There is no need of them, for there is to be no buying and selling; neither any need to expound laws, for the bare letter of the law shall be both judge and lawyer, trying every man’s actions.

On Creating Peace:

[This] will turn swords into ploughshares, and settle such a peace in the earth, as nations shall learn war no more. Indeed the government of kings is a breeder of wars, because men being put into the straits of poverty are moved to fight for liberty, and to take one another’s estates from them, and to obtain mastery. Look into all armies, and see what they do more, but make some poor, some rich; put some into freedom, and others into bondage. And is not this a plague among mankind?

On Educating Yourself:

If the eyes of the people begin to open, and they seek to find knowledge in their own hearts and to question the ministers’ doctrine, and become like unto wise-hearted Thomas, to believe nothing but what they see reason for:

Then do the minsters prepare war against that man or men, and will make no covenant of peace with him till they consent to have their right eyes put out, that is, to have their reason blinded, so as to believe every doctrine they preach and never question any thing, saying, ‘The doctrine of faith must not be tried by reason.’ No, for if it be, their mystery of iniquity will be discovered, and they would lose their tithes.
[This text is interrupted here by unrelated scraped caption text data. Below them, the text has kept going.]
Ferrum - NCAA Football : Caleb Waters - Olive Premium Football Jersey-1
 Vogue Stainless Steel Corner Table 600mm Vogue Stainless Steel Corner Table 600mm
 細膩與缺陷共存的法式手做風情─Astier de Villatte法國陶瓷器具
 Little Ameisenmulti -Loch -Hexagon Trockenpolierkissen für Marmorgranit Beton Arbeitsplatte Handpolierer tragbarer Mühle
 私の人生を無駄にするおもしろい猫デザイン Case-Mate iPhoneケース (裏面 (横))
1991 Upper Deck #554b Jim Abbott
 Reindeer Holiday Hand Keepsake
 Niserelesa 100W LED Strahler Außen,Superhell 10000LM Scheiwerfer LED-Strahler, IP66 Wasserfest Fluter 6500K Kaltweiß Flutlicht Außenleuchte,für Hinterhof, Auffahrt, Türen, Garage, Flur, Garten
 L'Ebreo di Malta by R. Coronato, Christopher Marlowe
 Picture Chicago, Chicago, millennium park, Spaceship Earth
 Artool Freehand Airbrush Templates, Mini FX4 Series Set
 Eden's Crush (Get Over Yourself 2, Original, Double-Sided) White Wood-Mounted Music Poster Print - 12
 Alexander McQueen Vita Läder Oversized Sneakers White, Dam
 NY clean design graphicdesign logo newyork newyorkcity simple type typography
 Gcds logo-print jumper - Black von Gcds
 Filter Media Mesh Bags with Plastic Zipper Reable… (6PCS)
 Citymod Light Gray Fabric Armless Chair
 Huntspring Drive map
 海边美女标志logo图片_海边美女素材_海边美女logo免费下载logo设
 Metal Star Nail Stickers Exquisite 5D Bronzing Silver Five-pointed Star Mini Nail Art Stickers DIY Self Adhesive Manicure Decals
On The Industrial-Military Complex:

This kingly government is he who beats pruning hooks and ploughs into spears, guns, swords and instruments of war, that he might take his younger brother’s creation birthright from him, calling the earth his and not his brother’s, unless his brother will hire the earth of him, so that he may live idle and at ease by his brother’s labours.

Indeed this government may well be called the government of highwaymen, who hath stolen the earth from the younger brethren by force, and holds it from them by force. He sheds blood not to free the people from oppression, but that he may be king and ruler over an oppressed people.

For where oppression lies upon brethren by brethren, that is no commonwealth’s government, but the kingly government still; and the mystery of iniquity hath taken that peace-maker’s name to be a cloak to hide his subtle covetousness, pride and oppression under.